DATA LISTING:
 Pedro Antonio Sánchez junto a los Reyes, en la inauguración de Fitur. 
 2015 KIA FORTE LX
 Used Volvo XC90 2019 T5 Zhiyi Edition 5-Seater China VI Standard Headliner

==

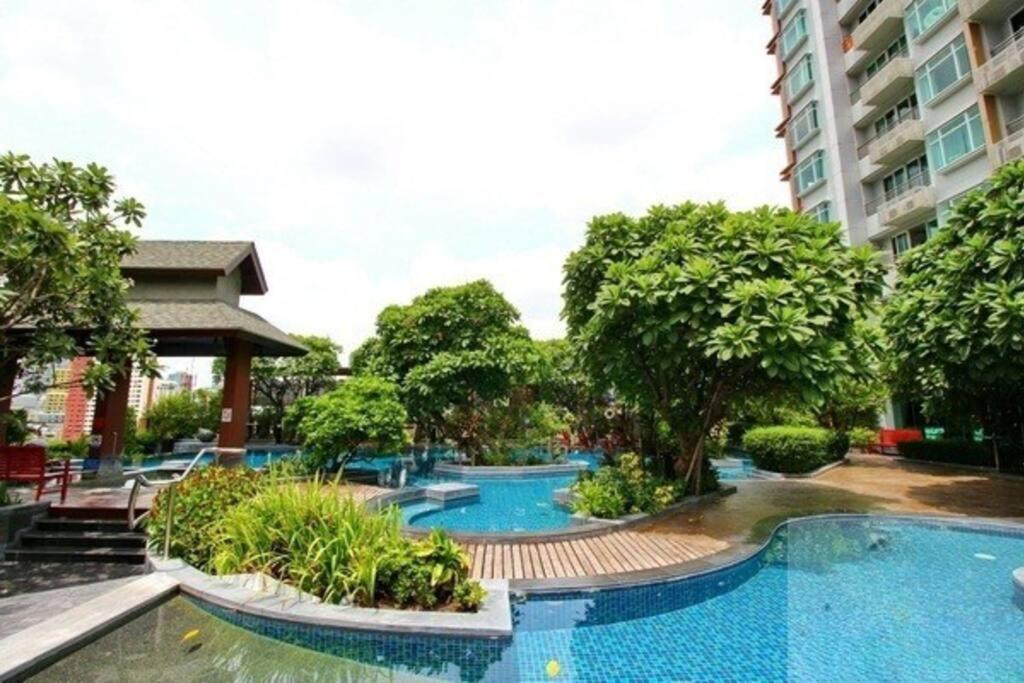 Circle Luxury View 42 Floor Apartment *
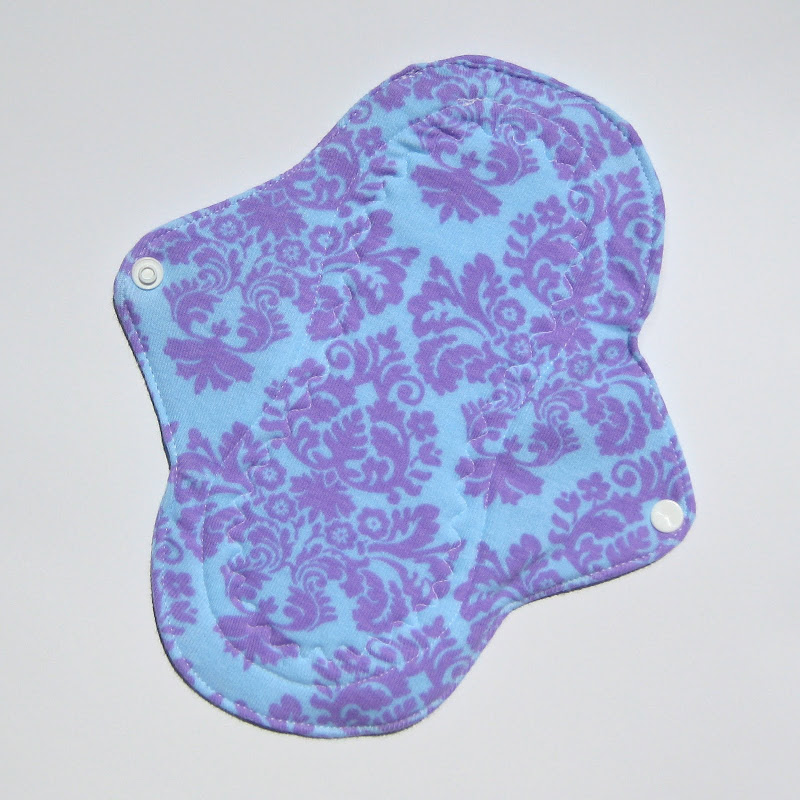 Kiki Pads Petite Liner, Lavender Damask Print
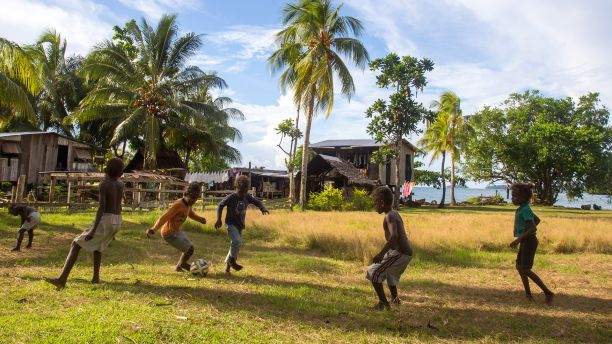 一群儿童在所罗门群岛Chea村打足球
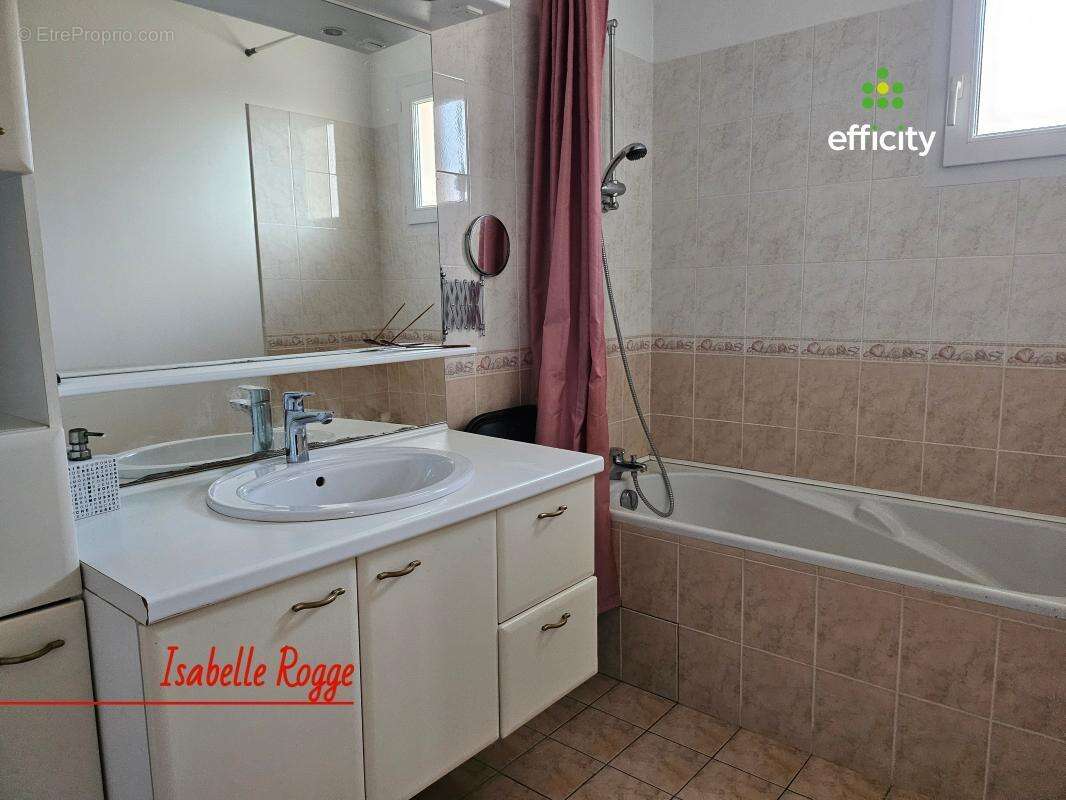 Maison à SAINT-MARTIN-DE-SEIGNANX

ABOUT THIS EXERCISE: In the records above, the line with "2015 KIA FORTE LX" marks the start and the line with "Used Volvo XC90" marks the end; copy that stretch exactly, both lines included, and nothing else.

YOUR RESPONSE:
 2015 KIA FORTE LX
 Used Volvo XC90 2019 T5 Zhiyi Edition 5-Seater China VI Standard Headliner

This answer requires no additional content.